Data segment:
..........
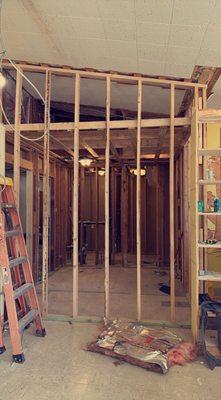 Reframe the ceiling joists and install new walls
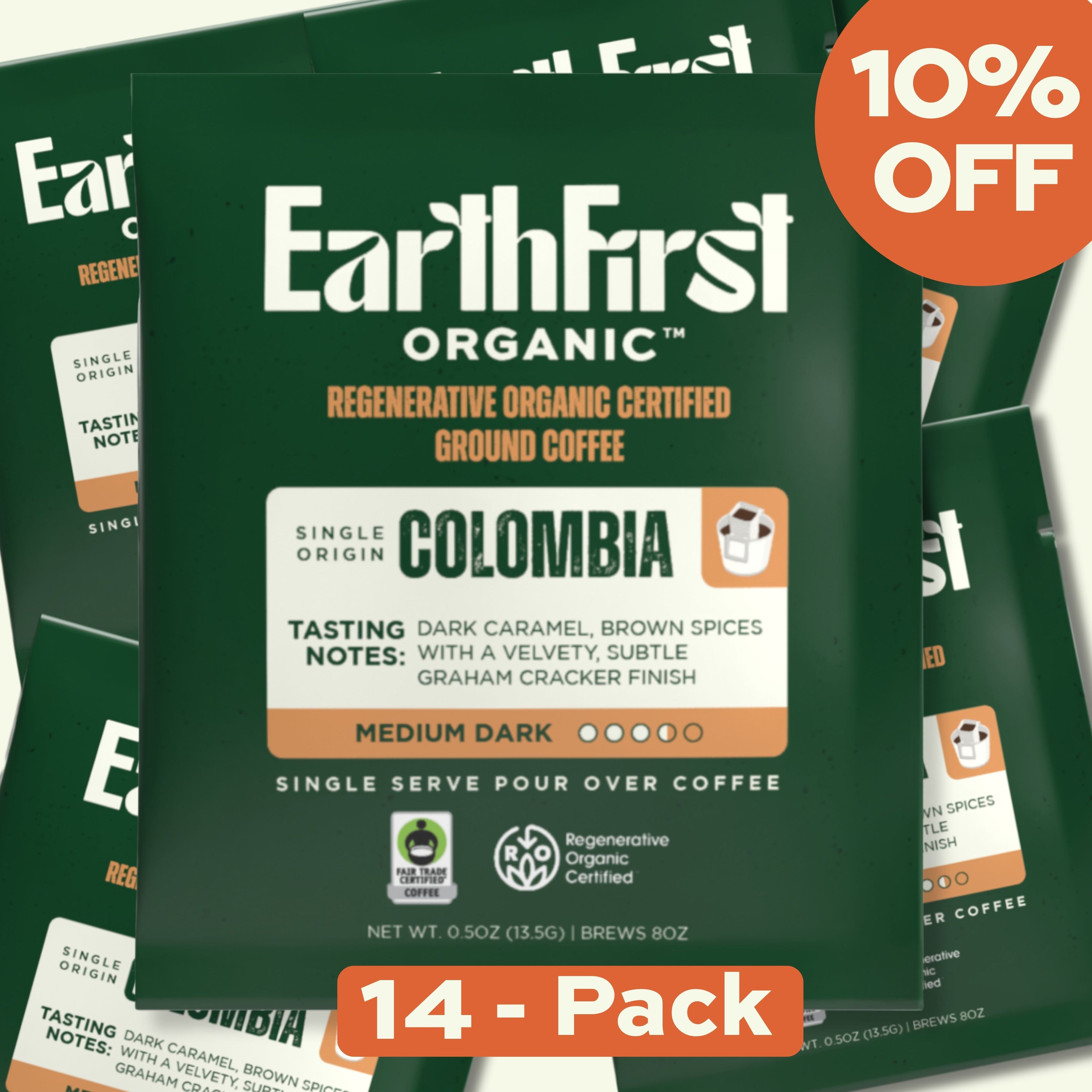 EarthFirst Organic regenerative organic certified medium-dark coffee pour-over bundle with 14 packs, showcasing brewing setup and coffee beans.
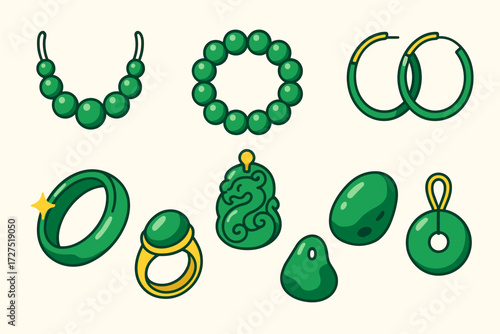 Vibrant Jade Jewelry Icons. Jade Jewelry icons in modern flat : jade necklace, jade bracelet beads, carved jade pendant, jade hoop earrings, jade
..........
The problem: Give the listing again, exactly as it appears, but without its images.

Your solution:
 Reframe the ceiling joists and install new walls
 EarthFirst Organic regenerative organic certified medium-dark coffee pour-over bundle with 14 packs, showcasing brewing setup and coffee beans.
 Vibrant Jade Jewelry Icons. Jade Jewelry icons in modern flat : jade necklace, jade bracelet beads, carved jade pendant, jade hoop earrings, jade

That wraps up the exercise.